■ Recorded data:
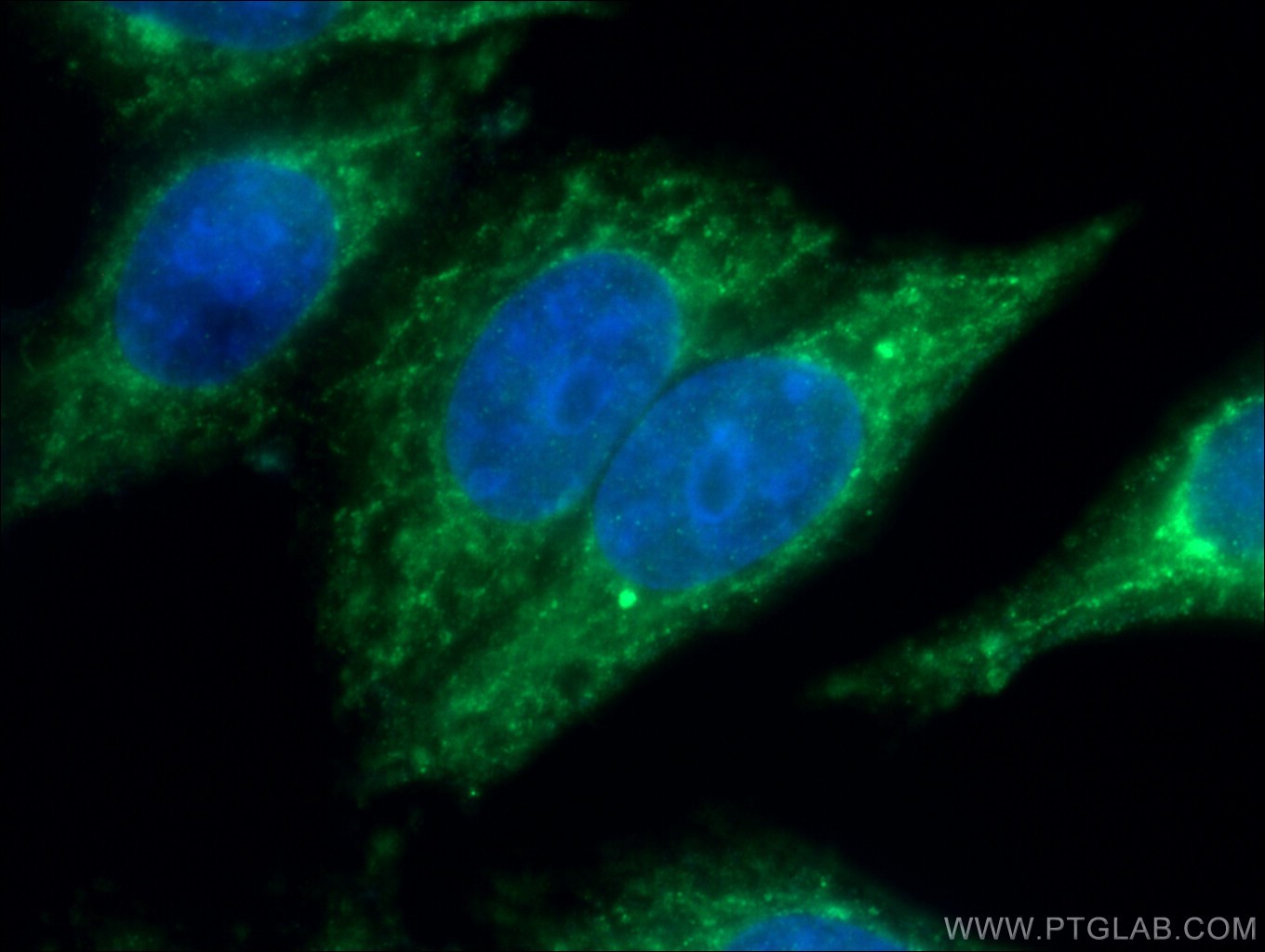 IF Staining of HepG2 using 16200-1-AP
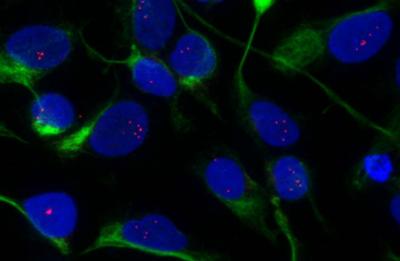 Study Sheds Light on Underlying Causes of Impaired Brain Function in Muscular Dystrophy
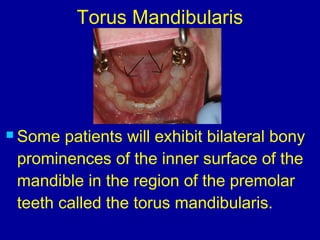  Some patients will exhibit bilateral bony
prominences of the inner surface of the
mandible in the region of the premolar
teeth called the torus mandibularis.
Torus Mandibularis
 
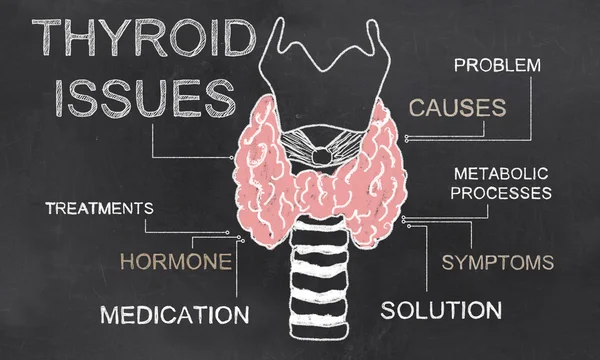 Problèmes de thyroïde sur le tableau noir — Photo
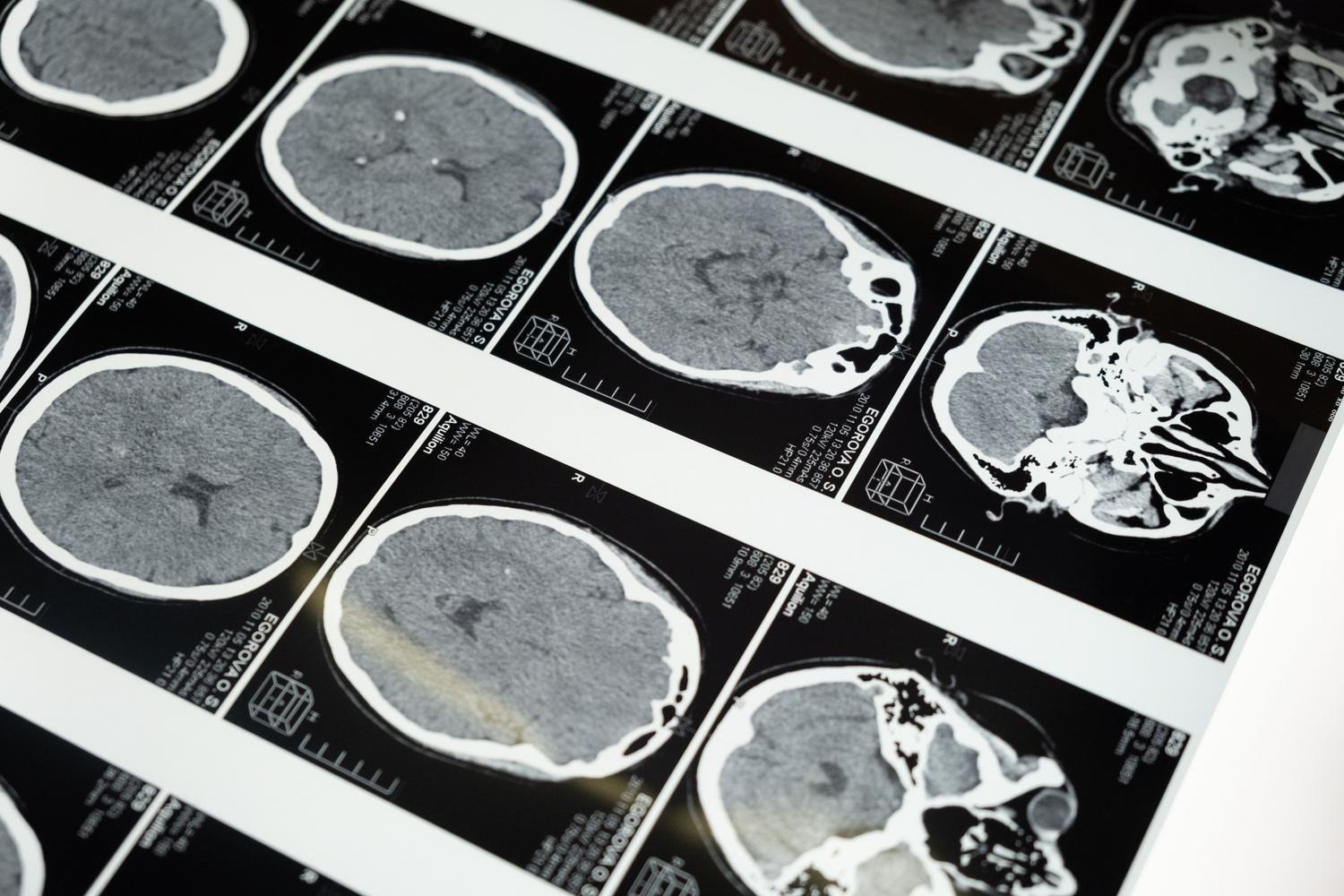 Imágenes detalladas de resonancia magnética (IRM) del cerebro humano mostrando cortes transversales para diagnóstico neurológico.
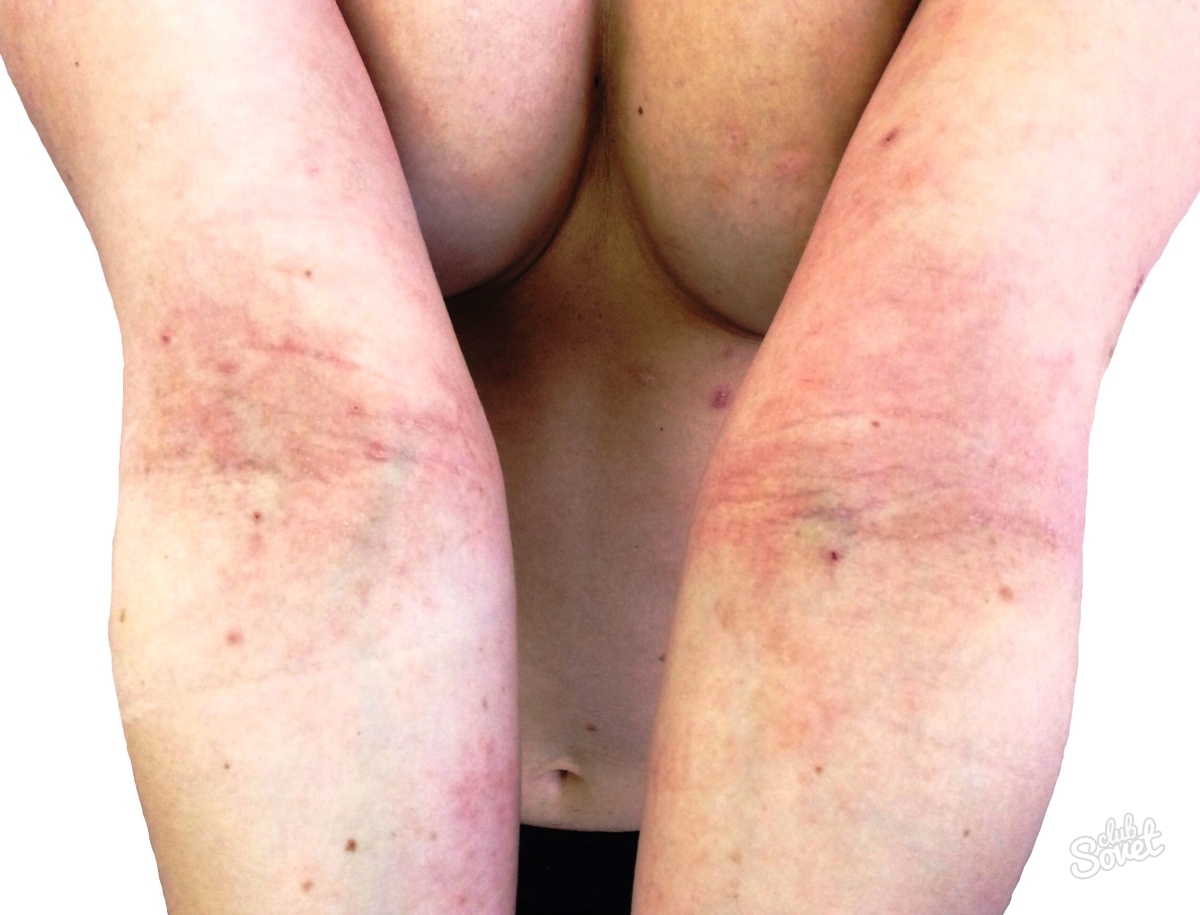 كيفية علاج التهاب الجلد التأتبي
---
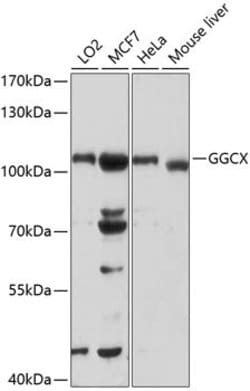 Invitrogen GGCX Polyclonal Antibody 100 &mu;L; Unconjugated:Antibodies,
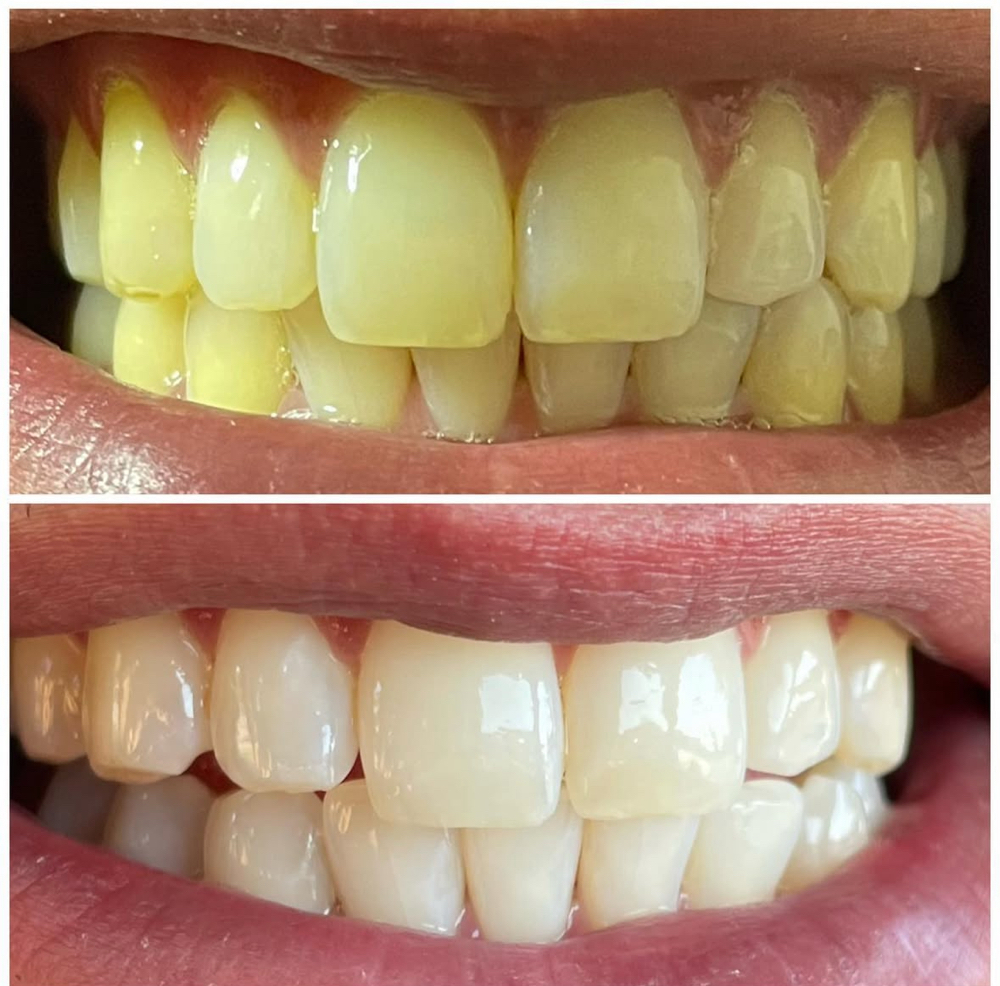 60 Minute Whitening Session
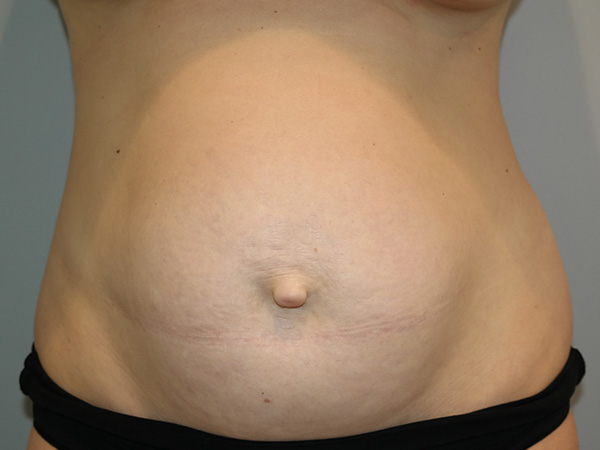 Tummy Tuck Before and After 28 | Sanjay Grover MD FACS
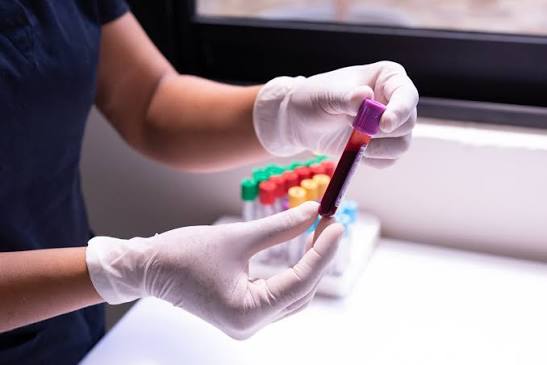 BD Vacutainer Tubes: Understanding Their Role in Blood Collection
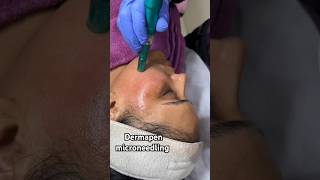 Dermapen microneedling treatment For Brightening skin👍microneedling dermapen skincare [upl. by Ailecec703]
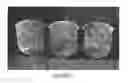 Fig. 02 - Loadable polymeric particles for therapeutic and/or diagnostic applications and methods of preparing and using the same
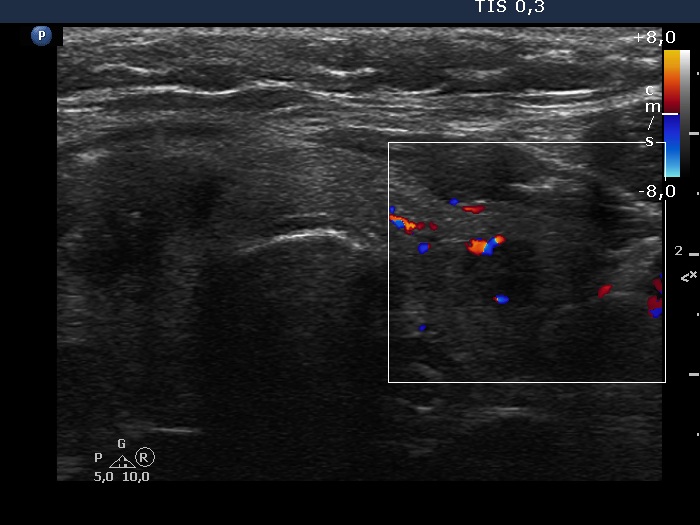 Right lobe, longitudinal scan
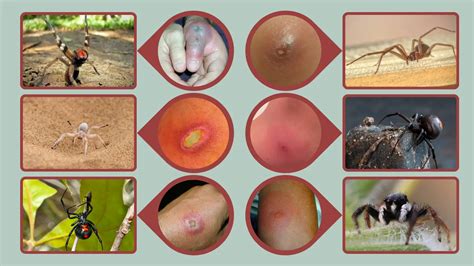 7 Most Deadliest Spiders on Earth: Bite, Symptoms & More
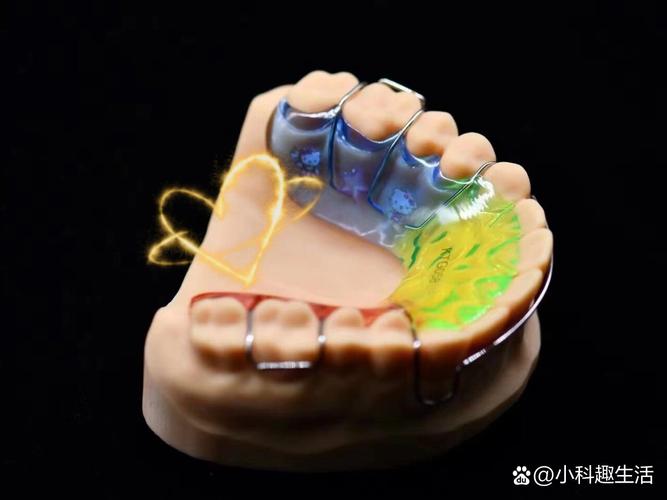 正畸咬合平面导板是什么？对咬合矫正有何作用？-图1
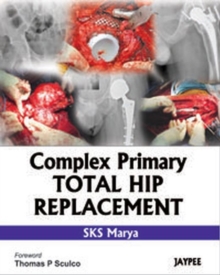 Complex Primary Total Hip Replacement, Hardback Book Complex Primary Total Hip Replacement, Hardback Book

■ About this task: Using the entries above, write out exactly the lines from the one with "IF Staining of HepG2 using 16200-1-AP" through the one with "كيفية علاج التهاب الجلد التأتبي", ends included. Leave out any pictures.

■ Output of the task:
 IF Staining of HepG2 using 16200-1-AP
 Study Sheds Light on Underlying Causes of Impaired Brain Function in Muscular Dystrophy
  Some patients will exhibit bilateral bony
prominences of the inner surface of the
mandible in the region of the premolar
teeth called the torus mandibularis.
Torus Mandibularis
 
 Problèmes de thyroïde sur le tableau noir — Photo
 Imágenes detalladas de resonancia magnética (IRM) del cerebro humano mostrando cortes transversales para diagnóstico neurológico.
 كيفية علاج التهاب الجلد التأتبي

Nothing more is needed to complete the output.